Zonemaster (this specification) requires that any domain name must be converted to NFC form before conversion to A-label. However, the domain name is entered in A-label format, this specification does not require that the corresponding U-label is in NFC format.
White space
In the user interface there is a risk that leading or trailing white space characters are added to the domain name by mistake. The domain name will in this specification be normalized by removing such characters. In Table 3 it is specified what counts as white space characters. It should be pointed out that white space characters within the domain name are not removed, and in the end count as invalid characters.
Table 3: White space characters*
Unicode code | Name |
---|---|
U+0020 | SPACE |
U+0009 | CHARACTER TABULATION |
U+00A0 | NO-BREAK SPACE |
U+2000 | EN QUAD |
U+2001 | EM QUAD |
U+2002 | EN SPACE |
U+2003 | EM SPACE |
U+2004 | THREE-PER-EM SPACE |
U+2005 | FOUR-PER-EM SPACE |
U+2006 | SIX-PER-EM SPACE |
U+2007 | FIGURE SPACE |
U+2008 | PUNCTUATION SPACE |
U+2009 | THIN SPACE |
U+200A | HAIR SPACE |
U+205F | MEDIUM MATHEMATICAL SPACE |
U+3000 | IDEOGRAPHIC SPACE |
U+1680 | OGHAM SPACE MARK |
Full stop
The regular dot "." expected in domain names is a U+002E (FULL STOP), see Table 2 above. There are other characters that may be entered instead due to the script setting. Table 4 lists full stop characters that are to be mapped into the ASCII FULL STOP (Unicode TR 46, section 2.3). That mapping must be done before any verification or checks of the dot and before splitting Domain Name into labels.

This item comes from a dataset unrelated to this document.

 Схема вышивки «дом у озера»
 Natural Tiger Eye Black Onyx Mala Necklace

Table 4: Non-ASCII dots (Full Stops) using Unicode codes
Unicode code | Character | Name |
---|---|---|
U+FF0E | . | FULLWIDTH FULL STOP |
U+3002 | 。 | IDEOGRAPHIC FULL STOP |
U+FF61 | 。 | HALFWIDTH IDEOGRAPHIC FULL STOP |
Final dot
If the domain name has one final dot it should be removed to create a consistent representation. The exception is the root zone which is always represented by the exact string ".".
Upper case
If the domain name has any letters tagged as "upper case" by the Unicode database, those should be mapped into the equivalent lower case letter. This applies to both ASCII (i.e. "A-Z" mapped into "a-z") in both A- and U-labels and non-ASCII characters found in U-labels (RFC 5895, section 2). This mapping is done before a U-label is converted to A-label. A valid U-label must not contain any upper case letters.

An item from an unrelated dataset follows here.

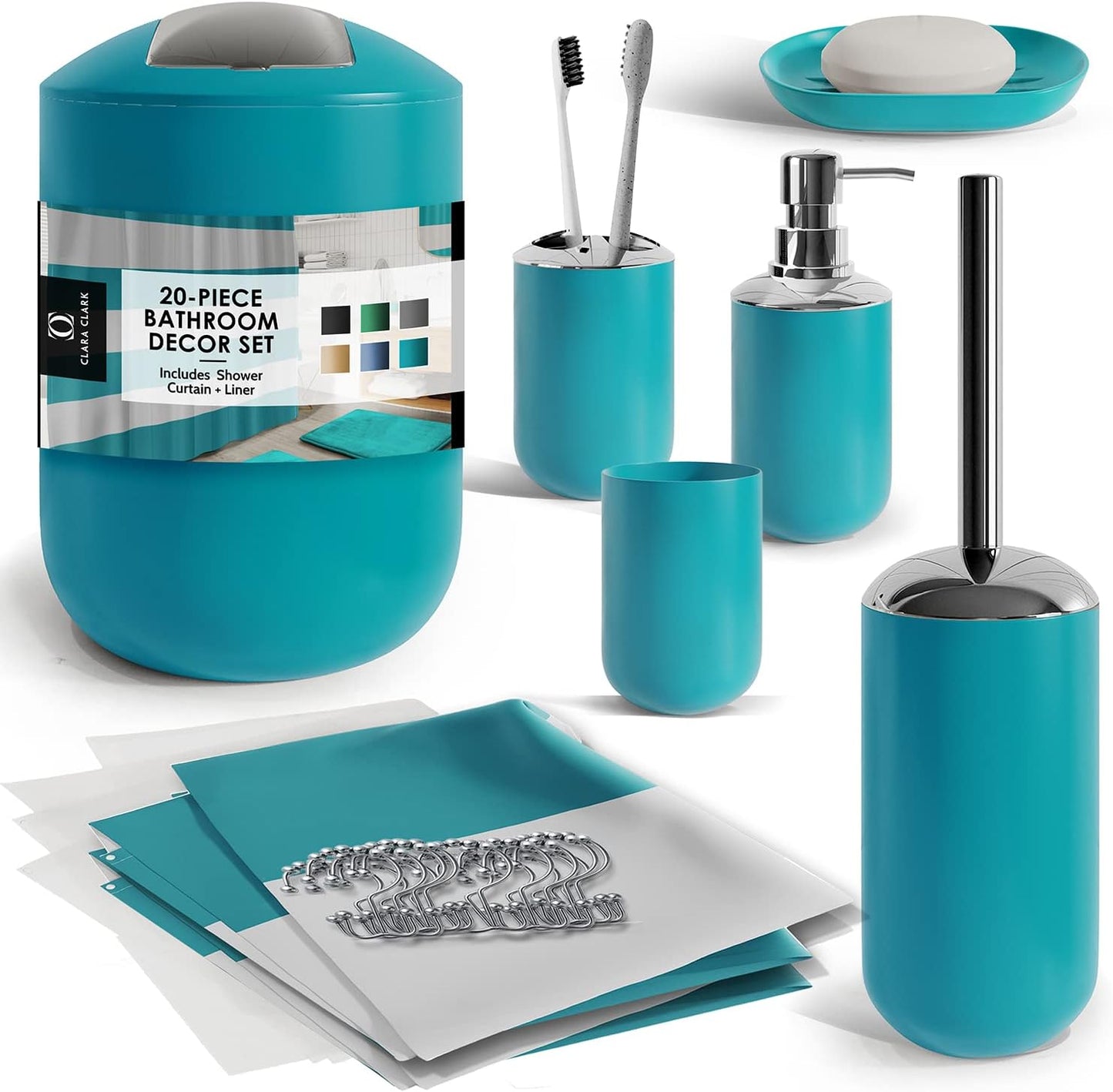 Clara Clark Bathroom Set - Gray Bathroom Accessories Set, Bathroom Sets with Shower Curtain and Rugs, 23PC Shower Curtain Set with Liner, Soap Dispenser, Soap Dish, Toilet Brush Holder, and Trash Can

For Zonemaster special rules applies to U+0049 (LATIN CAPITAL LETTER I) and U+0130 (LATIN CAPITAL LETTER I WITH DOT ABOVE).

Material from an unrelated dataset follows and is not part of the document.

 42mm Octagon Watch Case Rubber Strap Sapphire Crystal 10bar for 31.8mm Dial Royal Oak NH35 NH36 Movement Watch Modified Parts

- LATIN CAPITAL LETTER I is downcased to U+0069 (LATIN SMALL LETTER I) also in Turkish and Azeri locale, i.e. not following the special Unicode rule in those locale (Unicode SpecialCasing).
- Label with LATIN CAPITAL LETTER I WITH DOT ABOVE should be rejected since normal downcasing gives a sequence not reasonable in a domain name context (see "Lowercase Mapping" in LATIN CAPITAL LETTER I WITH DOT ABOVE).
A-label and U-label
DNS can only handle A-labels, not U-label. In the test core suite of Zonemaster only A-labels are used. For normalization, all U-labels are converted to A-labels. Test cases will only handle an ASCII-only Domain Name. Conversion from U-label to A-label should be done as specified for IDNA2008, not IDNA2003.
Terminology
No special terminology for this specification.